Birdy (played by the adolescent spitfire Bella Ramsey, who won hearts with her performance as the fiery Lyanna Mormont on Game of Thrones) fits into the role of a young, eligible medieval maiden like a square peg in a round hole. She resists her coming of age not because she doesn’t want to grow up (indeed, her reaction to the hot monks-in-training who study alongside her older brother betrays more than a passing curiosity about adulthood) but because her life will only become more restricted when she is a woman. Her father (the always charming Andrew Scott) sees her, his sole daughter, as his only chance to rescue the family from financial ruin. When she receives an offer from a wealthy suitor in exchange for her hand in marriage, the incoming cash flow will get the estate back on its feet – at the expense of her happiness.
But Birdy is a fighter. She delays the moment that she could reasonably be considered a marriage prospect by hiding her menstruation rags in the outhouse, not only to avoid marriage but because she’s been traumatized by her mother’s many difficult births, each of which ended with her younger brothers and sisters stillborn. How does becoming a woman seem appealing when it’s accompanied by pain, terror, grief, and the genuine threat of death? As she watches her best friend be married off at the whims of her father, without any regard for her happiness, she desperately uses all of her cunning to scare off as many suitors as possible.
Catherine Called Birdy doesn’t shy away from its dark subject matter or the grim futures that awaited many medieval teens of noble birth, destined to function as little more than pawns in the games of their fathers. But with the plucky, indefatigable Bella Ramsey as narrator and heroine, the storytelling has a playfulness and spirited authenticity that makes it feel somehow optimistic despite everything.
There’s a warmth to the familial bonds featured in Catherine Called Birdy, even if they adhere to medieval standards rather than our own. Birdy’s mother (Billie Piper) genuinely seems to adore both her husband and her children, even if their day-to-day rearing has been placed almost entirely in the hands of servants and nannies. Her father is perpetually exasperated by Birdy and knows that the smartest thing a man in his position can do is marry her off to the highest bidder before she can cause any more trouble. But the prospect of his free-spirited only daughter trapped in a marriage that makes her truly miserable pains him in ways he perhaps does not even understand. Both these characters and her two brothers have a lovely sense of interiority – Birdy is utterly obsessed with her own trials and tribulations, and it’s only late in the film that it begins to dawn on her that her family members have their own stuff going on that doesn’t entirely revolve around her.
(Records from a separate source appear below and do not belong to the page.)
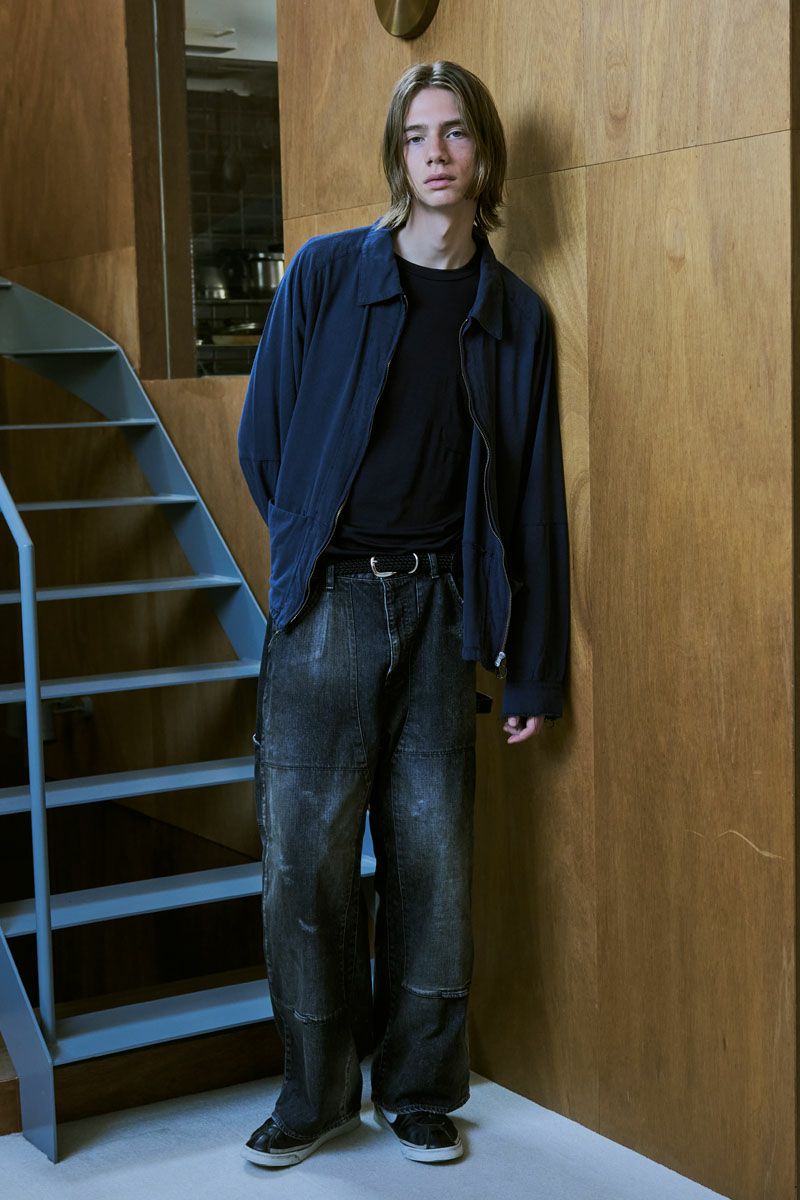 SUEDE SILK JACKET[NAVY] | 1LDK ONLINE STORE
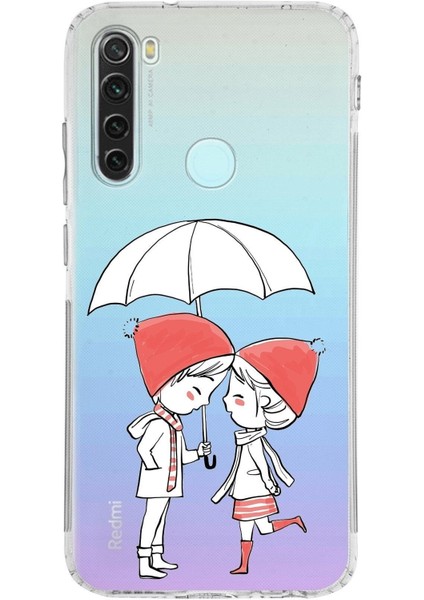Xiaomi Redmi Note 8 Kamera Korumalı Kapak Aşk Tasarımlı Şeffaf Kılıf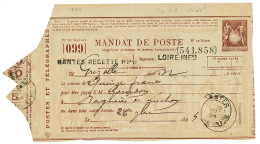 1894 MANDAT DE POSTE Entier Postal SAGE Brun Sans Valeur Faciale Obl. NANTES. TB. - Autres & Non Classés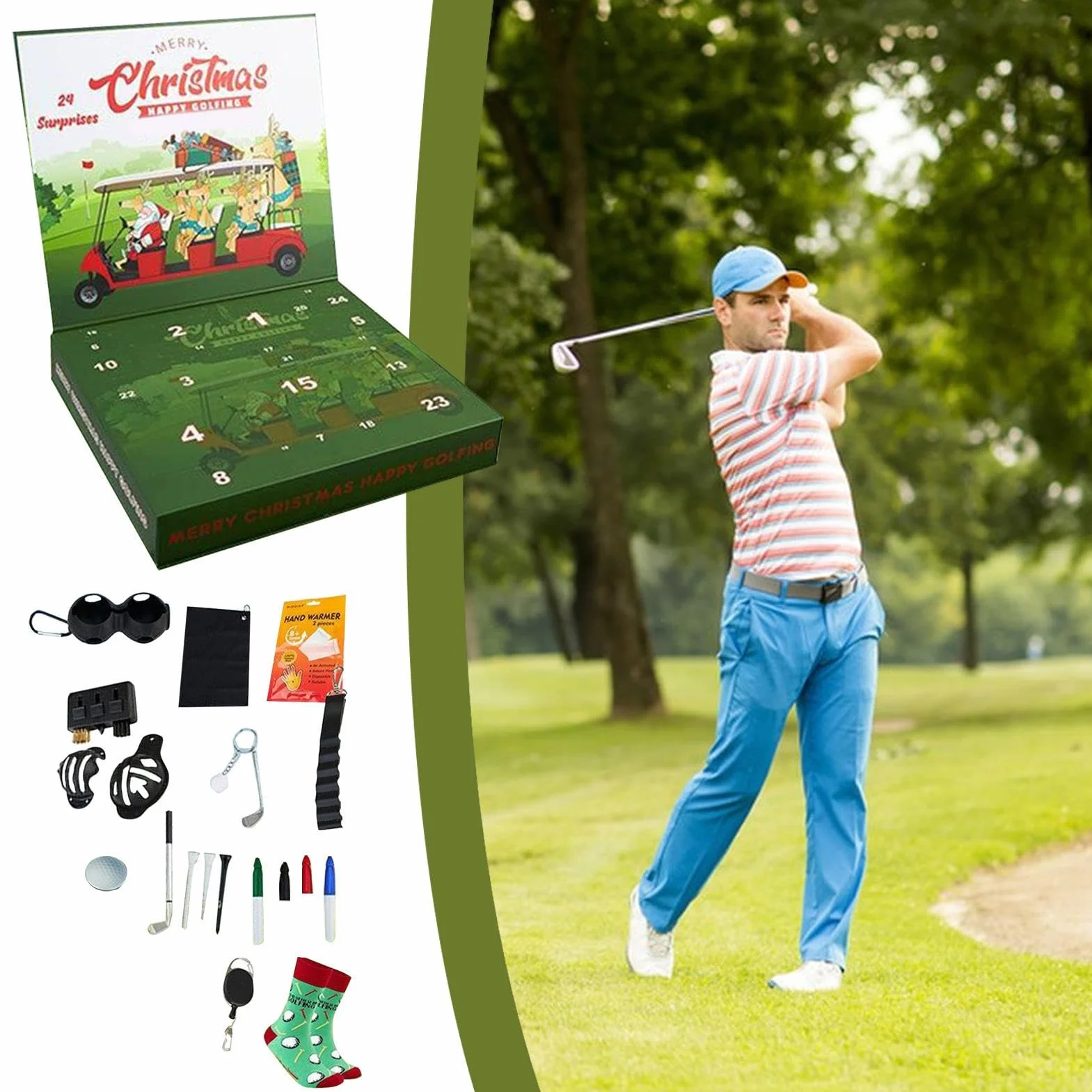 Golfowy Kalendarz Adwentowy 2025 Dekoracje Golfowe | Golfowy Kalendarz Świąteczny z Skarpetkami dla Półki Biurka Wejścia Biura Sklepów Salonu Świąt Urodzin Imprez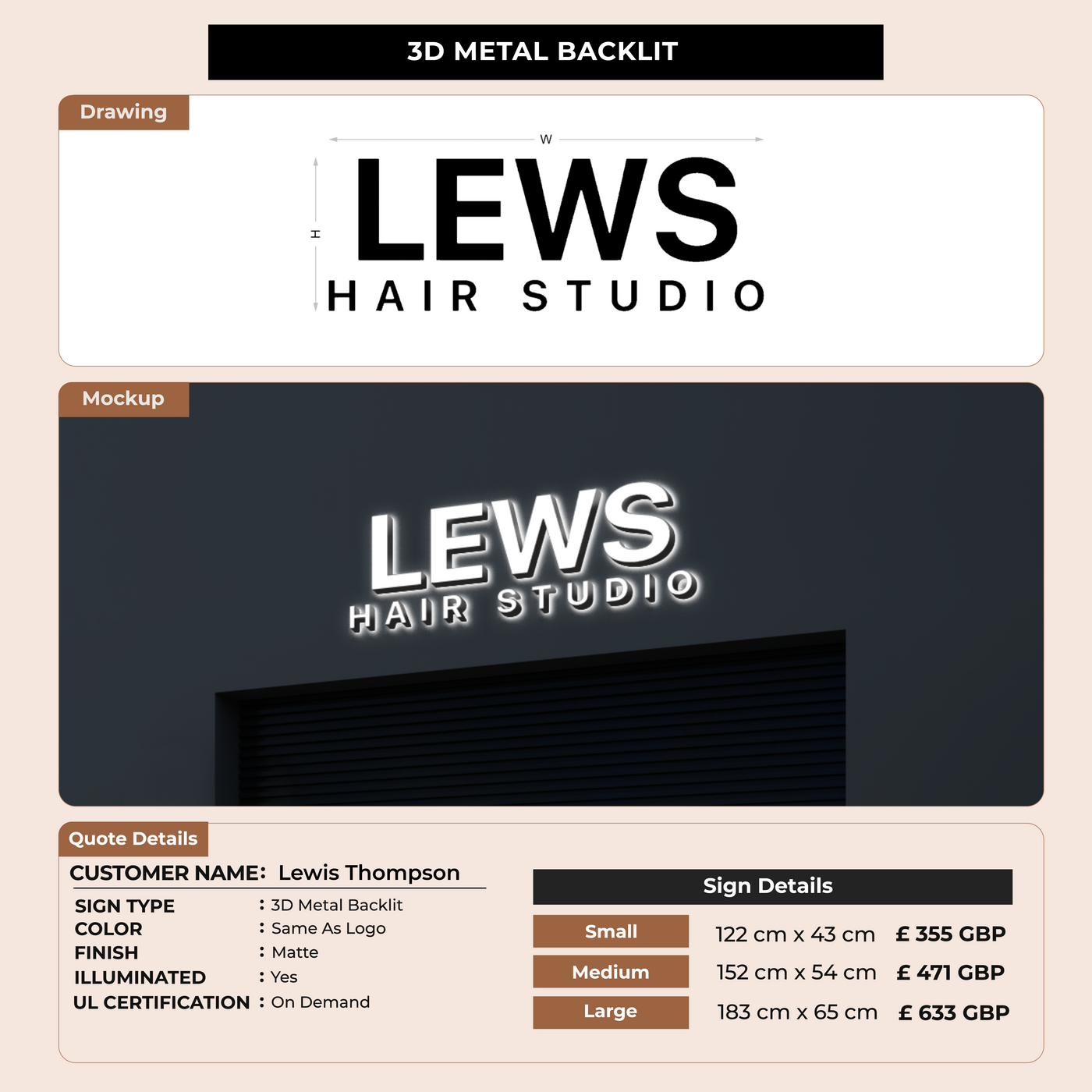 3D Metal Back-lit SIGN fOR Lewis Thompson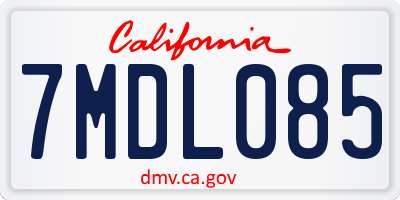 CA license plate 7MDL085
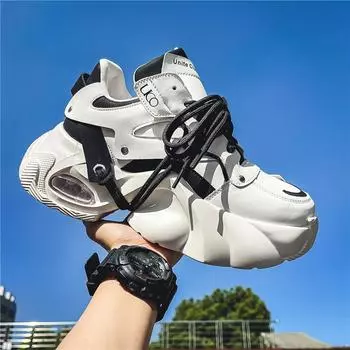 Дизайнерские мужские белые кроссовки на платформе, модные кроссовки, увеличивающие рост, мужская обувь в стиле хип-хоп, повседневная обувь на толстой подошве для мужчин 41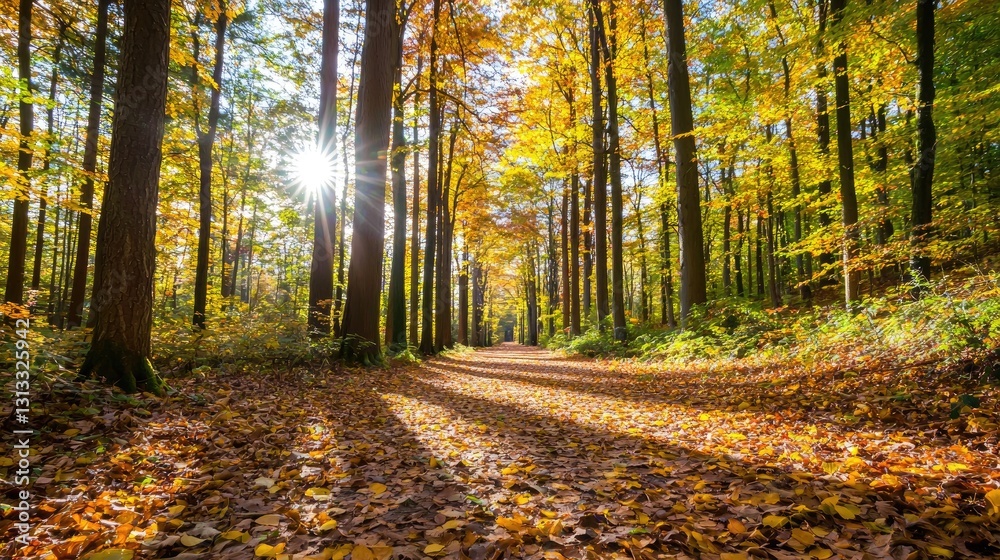 Fototapeta premium Serene Autumn Forest Path with Colorful Leaves and Sunlight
Although Catherine Called Birdy brings to life the all-too-real struggles of women in medieval society, director Lena Dunham is unafraid to give the film modern stylistic touches. These would perhaps be a bit much if this were aimed squarely at adults, but the fact that its target audience skews younger gives her the freedom to be a little less self-serious. In many ways, this is probably how the film avoids adopting a long-suffering tone – it’s allowed to have fun with itself. With a charming, force-of-nature leading performance from Bella Ramsey, Catherine Called Birdy is a delightful production that treats preteen girls with the respect they deserve.